Программа тоже пестрая — от балерин-наездниц до драмы Мистингет.
Здесь уже видишь эпизодики отражений внутрипарижской борьбы.
Первый номер — дрессированные попугаи.
Дама расставила антантовские флажки: французский, английский, бельгийский, итальянский, американский, японский.
Попугай за ниточку будет подымать любой, по желанию публики.
Дама предлагает публике выбирать.
В ответ с одной стороны галерки крик басом:
— Русский!
С другой — тенором:
— Большевик!
Дама смущена, извиняется:
— Таких нет!
Партер и половина ярусов свистит и цыкает на галерку.
Когда, наконец, согласились на американском, перепуганный попугаи, которому пришлось принять участие в «классовой борьбе» в незавидной роли соглашателя, уже ничего не мог поднять, кроме писка.
Страсти рассеяли музыкой два англичанина, игравшие на скрипках, бегая, танцуя и перекидываясь смычками.
Окончательно страсти улеглись на «драме» Мистингет.
Драма несложная. Верзила заставляет любовницу принять участие в крушении и ограблении поезда. Кладут на рельсы камень. Мистингет в отчаянии. Ей грозят. Все же она старается предупредить машиниста. Не может. Каким-то чудом ей удается под носом паровоза свернуть камень на головы бандитов. Поезд прошел. Бандиты убиты. Порок пока́ран. Добродетель восторжествовала.
Эта мораль (разыгранная, правда, Мистингет поразительным языком с поразительным искусством) примиряет всех разнопартийных, но одинаково сантиментальных парижан.

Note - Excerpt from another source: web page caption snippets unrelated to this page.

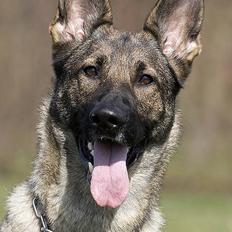 Schæferhund Amagers Chiba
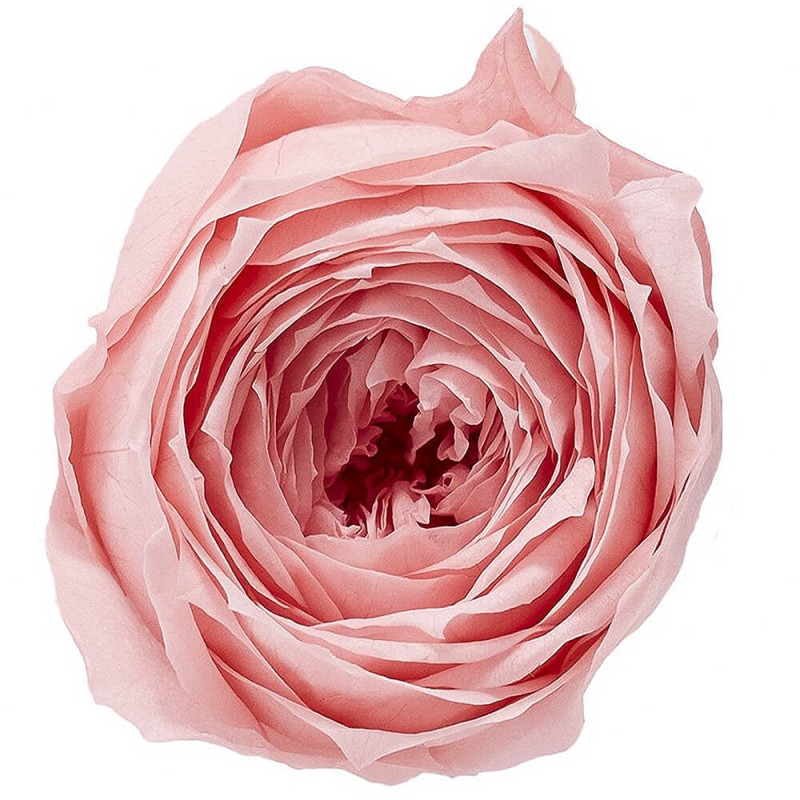 åȡХ˥ԥ󥯡9ءࡡDO002730-133ڥץꥶ֥ɥե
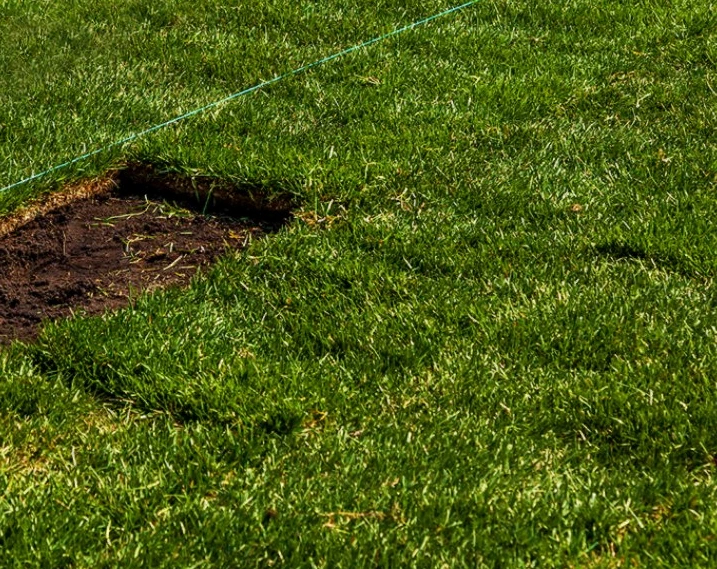 Fresh sod cut daily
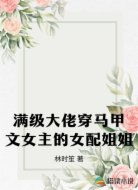满级大佬穿马甲文女主的女配姐姐
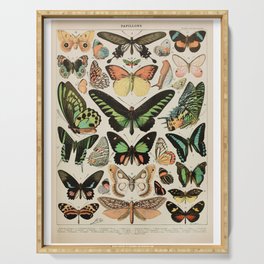 Papillon II Vintage French Butterfly Chart by Adolphe Millot Serving Tray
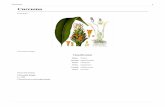 Curcuma · 2015-08-08 · Curcuma 2 Classification phylogénétique Ordre Zingiberales Famille Zingiberaceae Curcuma réunionnais en fleur Le curcuma (Curcuma longa) est une plante
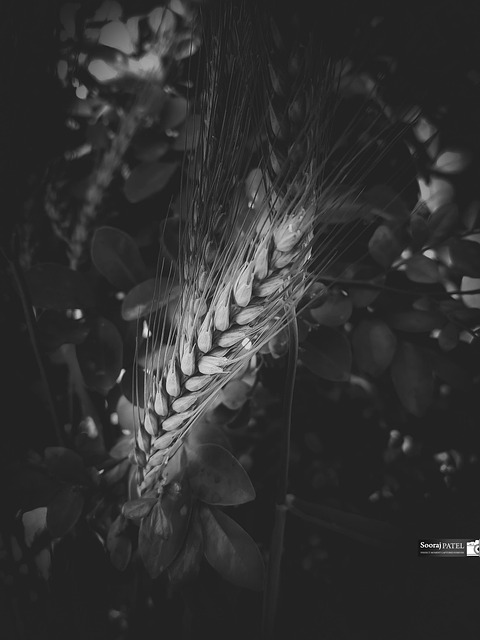 Free Wheat Agriculture photo and picture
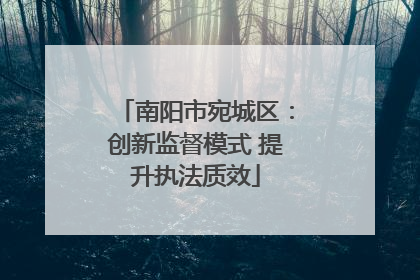 南阳市宛城区：创新监督模式 提升执法质效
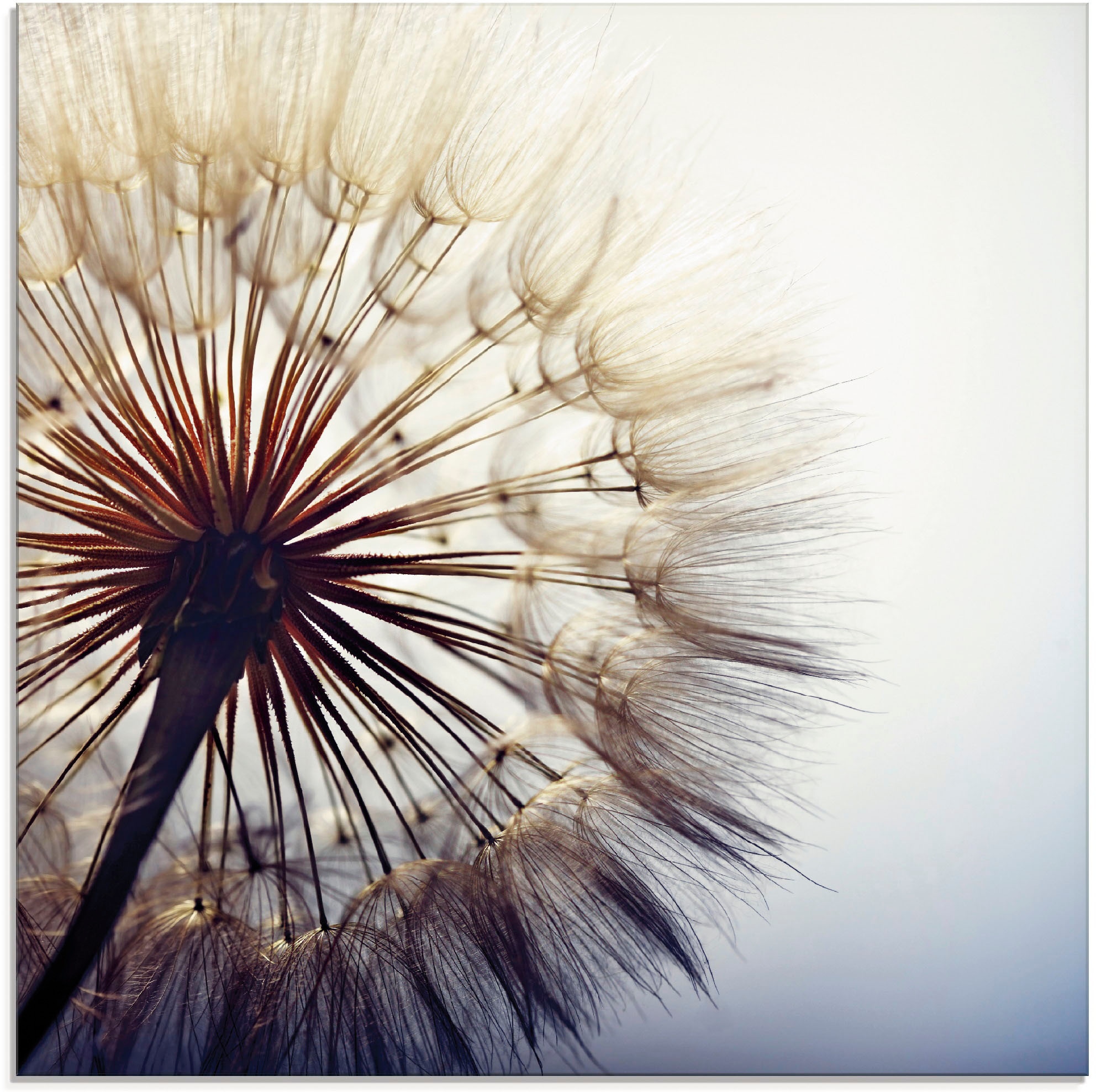 Image of Artland Glasbild "Grosse Pusteblume" Blumen 1 Stk. tlg. in verschiedenen Grössen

На следующем номере страсть разгорается.
Трансформатор.
Изображает всех — от Жореса до Николая Второго.
Безразлично проходят Вильсон, Римский папа и др.
Но вот — Пуанкаре! — и сразу свист всей галерки и аплодисменты партера.

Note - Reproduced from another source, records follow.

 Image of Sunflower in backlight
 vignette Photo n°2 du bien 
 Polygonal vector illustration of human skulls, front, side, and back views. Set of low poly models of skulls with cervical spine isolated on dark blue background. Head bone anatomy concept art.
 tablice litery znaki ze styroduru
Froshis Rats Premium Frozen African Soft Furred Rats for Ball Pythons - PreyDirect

Скорей разгримировывается.
— Жорес! — Свист партера и аплодисменты галерки.
— Русский несчастный царь. — Красный мундир и рыжая бородка Николая.

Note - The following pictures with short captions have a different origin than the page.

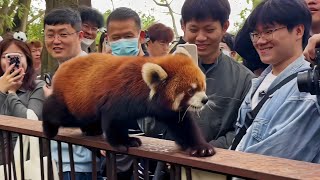 Radiant Red Panda Captivating Viewers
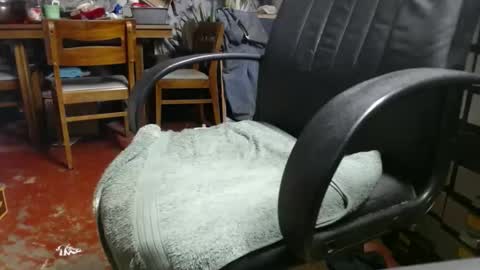 Snapshot of raysmith77777777 chatting on January 2025 12:05:02 AM Ray online show from January 2025 12:05:02 AM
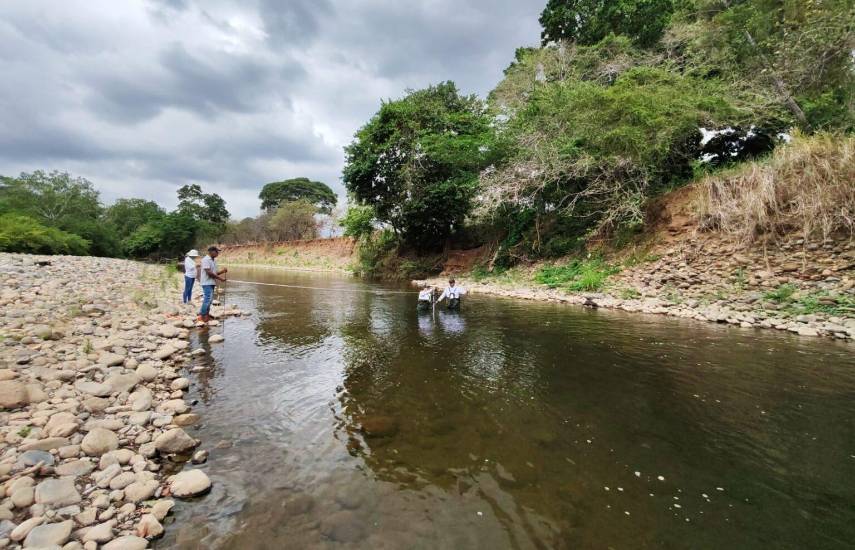 El reto de la educación ambiental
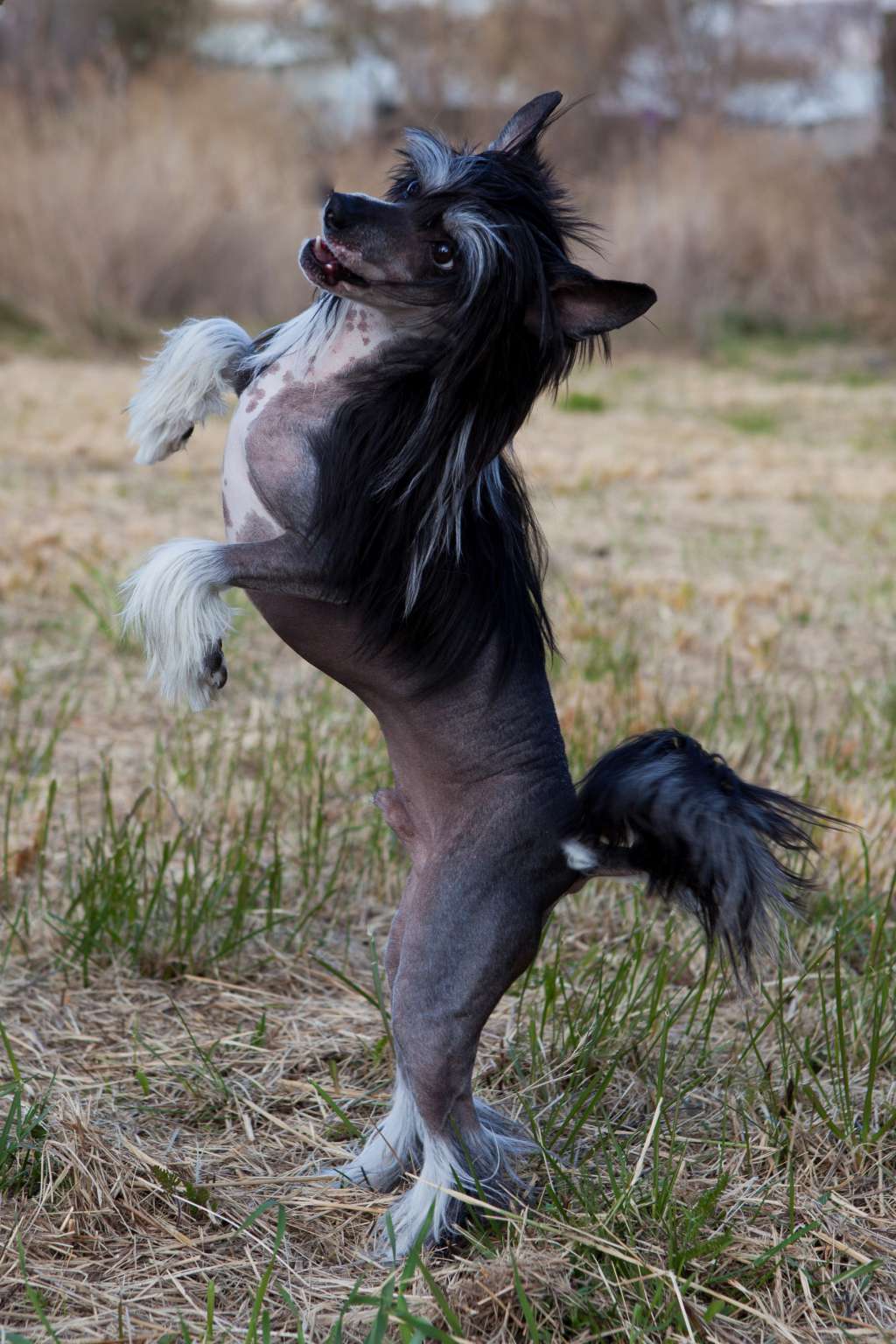 First N Foremost Heybett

Оркестр играет: «Ах, зачем эта ночь так была хороша».
Бешеный свист галерки и аплодисменты партера.
Скорей обрывает усы, ленту и бородку.
Для общего успокоения:
— Наполеон!
Сразу рукоплескания всего зала. В Германии в точно таких случаях показывают под занавес Бисмарка.
Здесь веселее.
Если эта, все же рафинированная аудитория так страстна в театре, то как «весело» будет Пуанкаре, когда ареной настоящей борьбы станут улицы Парижа.